Then we would have to educate young people differently, if you raise a new generation that goes under constant change (this one's happening now) but without all the distractions, like, the flow of data going into the mind should be constructive and creative, not instant dopamine for pleasure and fun right?(have some fun tho). When rising a brain adapted to constant change it'd remain that way, but that change shouldn't stop because the mind likes comfort. Now, you've got the first old human who succesfully went through an experiment and now he/she is able to reach that long age with their cells working efficiently. The topic to approach would still be the mind itself. New education centers should be created, having young people with their sponge minds and old people with their new life ahead working together and opening themselves during the process on how they are able to understand concepts and how they adapt to changes. The old mind should maybe relearn the way that the young mind works and flows, but this would happen only if the mind went to a decay procces and then with the restored cells it came back to optimal being. That's a hard thought, like probably a youg mind is adaptive as it is because of the high number of healthy cells in it, if you could keep every cell alive you'd never have to go through a process like that, because such a brain would always have what's neccesary to go under change and fast learning.
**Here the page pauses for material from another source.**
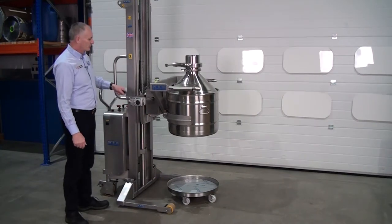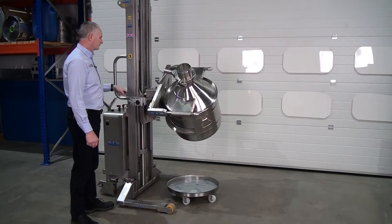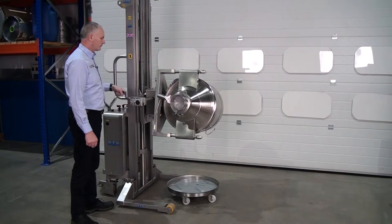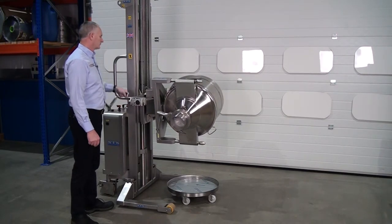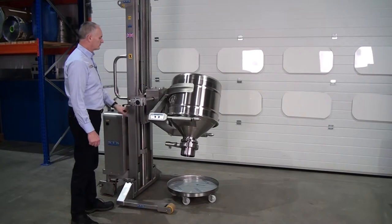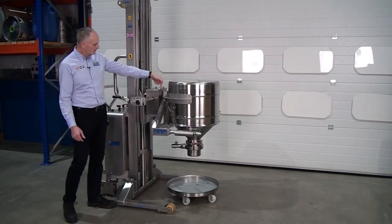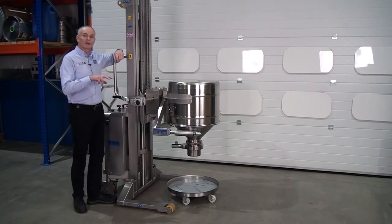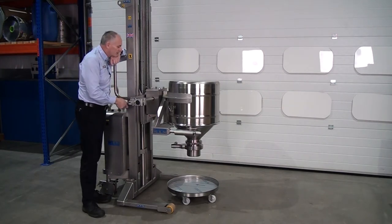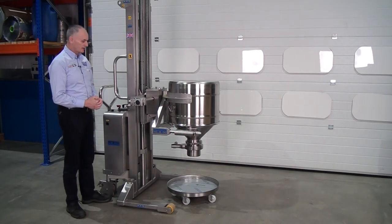Rotation handle here — so literally just rotate the handle around. There's a level bubble positioned here, so when we're going up to actually pick it back up, we just turn that until we see the bubble in the middle. As soon as the bubble's aligned, we know that we're perfectly level to do the docking of the unit.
The only thing we can do actually is educate young generations to go through constant change and make them learn different topics. Also people would have to be more opened to eachother and everyone should know that since we are in an infinity/like universe the things that we know today will evolve and we have to adapt to the evolution since our mind is capable of so. The information we have now is just a step forward to another way of understanding life, and we till we die will go through evolution wether we want or not.
Having an open mind, having an open heart and be willing to let go are the essential keys to open every door. This is what i believe.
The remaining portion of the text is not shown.